I've been with my boyfriend for 8 years and right now going through a lot and as u can imagine being together that long its like a roller coaster things are real good then boring and flat and its just up and down up and down. 8 years together and let me tell u we've been through hell in this relationship. and i still seem to get butterflies even now when i think of him or see him.


----------



## amorris

Originally Posted by *Jordan0326* /img/forum/go_quote.gif I've been with my boyfriend for 8 years and right now going through a lot and as u can imagine being together that long its like a roller coaster things are real good then boring and flat and its just up and down up and down. 8 years together and let me tell u we've been through hell in this relationship. and i still seem to get butterflies even now when i think of him or see him. awww that is really sweet jordan! and wow to 8 years!


----------



## -Chelsey-

I still get them every now and then after 4 1/2 years.


----------



## Andi

IÂ´m in a long distance relationhip, have been for the past 3 years. So I get butterflies everytime we see each other, and we fall in love allover again each time. IÂ´m sure itÂ´ll be weird to lose that feeling once we live together, but the love will still be there.


----------



## Asimina

mine is 5 years now..although i dont see him that much and we arent together we still talk and see each other but for this last 5 years i always fele butterfly's when we meet!


----------



## Sherbert-Kisses

I've been with my boyfriend for a year and a half now, I still get them. I am just so in love with him and feel like I've found my other half, the feeling makes me excited every time I'm with him. After a day at work I cannot wait to get home and see him. I don't think he gets the tingles any more though, he's a lot more reserved than me and not overly cuddly or anything. Which can make me a bit sad when I just want to cuddle for a bit but I know how much he loves me so it's not really an issue.


----------



## Freeze

My boyfriend and I have been together for about 14 months now. It's a weird one 'cause we were friends for 4 or 5 years before we got together so it wasn't like he was this amazing new guy who I knew nothing about and couldn't wait to get to know. Hard to explain what I mean without sounding like a b!tch, 'cause that's not what I'm getting at - I love him to pieces and always fancied him, haha, but d'you know what I mean? I get excited still when we see each other, but I don't get the funny physical butterflies feeling really.

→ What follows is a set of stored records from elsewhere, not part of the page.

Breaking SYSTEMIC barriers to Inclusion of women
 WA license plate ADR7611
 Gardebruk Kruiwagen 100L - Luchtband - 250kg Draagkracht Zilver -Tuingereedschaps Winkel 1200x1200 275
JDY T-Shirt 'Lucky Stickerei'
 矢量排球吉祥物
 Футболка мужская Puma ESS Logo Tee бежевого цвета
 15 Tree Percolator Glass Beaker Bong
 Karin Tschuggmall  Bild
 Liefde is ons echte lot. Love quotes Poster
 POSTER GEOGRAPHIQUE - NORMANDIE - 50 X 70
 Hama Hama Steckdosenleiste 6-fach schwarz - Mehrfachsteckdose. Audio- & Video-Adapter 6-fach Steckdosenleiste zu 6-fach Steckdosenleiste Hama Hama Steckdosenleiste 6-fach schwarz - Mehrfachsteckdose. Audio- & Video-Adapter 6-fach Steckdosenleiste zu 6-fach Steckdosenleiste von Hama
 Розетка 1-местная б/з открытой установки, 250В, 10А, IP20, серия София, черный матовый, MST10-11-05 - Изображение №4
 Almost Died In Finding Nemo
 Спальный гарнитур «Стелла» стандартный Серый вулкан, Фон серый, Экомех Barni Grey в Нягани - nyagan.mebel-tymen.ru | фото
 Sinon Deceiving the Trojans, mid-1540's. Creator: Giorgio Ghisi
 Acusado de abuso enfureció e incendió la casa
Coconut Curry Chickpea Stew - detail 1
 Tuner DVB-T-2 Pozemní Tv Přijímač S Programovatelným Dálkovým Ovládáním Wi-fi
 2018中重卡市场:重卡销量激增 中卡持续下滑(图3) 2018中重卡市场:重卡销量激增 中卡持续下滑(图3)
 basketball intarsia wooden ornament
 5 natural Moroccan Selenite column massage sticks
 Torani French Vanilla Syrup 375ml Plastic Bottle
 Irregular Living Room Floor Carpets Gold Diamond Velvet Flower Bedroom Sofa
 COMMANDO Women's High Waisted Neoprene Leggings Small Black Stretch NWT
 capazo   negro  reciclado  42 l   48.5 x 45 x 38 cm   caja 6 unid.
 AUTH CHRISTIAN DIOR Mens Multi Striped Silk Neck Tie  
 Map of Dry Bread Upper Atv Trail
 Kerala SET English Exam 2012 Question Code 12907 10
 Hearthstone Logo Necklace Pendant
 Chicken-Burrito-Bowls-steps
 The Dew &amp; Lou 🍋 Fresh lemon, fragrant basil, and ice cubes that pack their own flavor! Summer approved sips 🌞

Haha I just read that back to myself and I do sound really nasty. It's not like that at all. It's just we were good friends for so long beforehand it's just like it was before but with intimacy added in!


----------



## cherryblossom13

I never get them anymore :-(

I have been with my man for 3 years now, living together for two. I guess I had them for about a year. I miss it!


----------



## bella1342

I miss that feeling... greatest feeling ever! I do still get it once in awhile, but after kids not so much. It's just the excitement of being with a new person, and we're together awhile now.


----------



## Dalylah

We've been married 8 years and honestly, when we don't make official time for each other, it rarely happens. I find that having real dates, designated times for just us where we shut out the rest of the world really helps that silly tingly feeling show up. I love it when it does because it reminds me of all of the reasons I fell in love with him. Butterflies are good


----------



## Babygirl23

my boyfriend and i have been together 18 months, and I still get them.we met at work and everytime he came through the side door my heart would just flutter.even though it happens all the time, when im not expecting it, i still get butterflies when he walks through that door


----------



## Sherbert-Kisses

Just to update my post in this thread. I've been with my OH for two and a half years now and I still get butterflies. It just boils down to when you've found that person who gets you excited about the future together. That makes you want to get home and see them and carry on sharing everything together.


----------



## xjackie83

I've lived with my boyfriend for over a year now and we've been together for almost 2 years. There are still so many times where I get butterflies (basically anytime one of us comes home from work and I'm not in a bad mood) and other times when I'm so overwhelmed (in a good way) with love that I think my heart is going to explode.


----------



## cloudycandyx

My boyfriend and I have been together about 2 1/2 years now, and I still get those butterflies sometimes, although a lot less often than when we first started dating.


----------



## Dianerrs

My boyfriend and I were together almost two years before we broke up last month. The reason was basically just to back up, and slow down, because we were losing that spark (we'd just moved in together a few months before and were always snapping at each other etc).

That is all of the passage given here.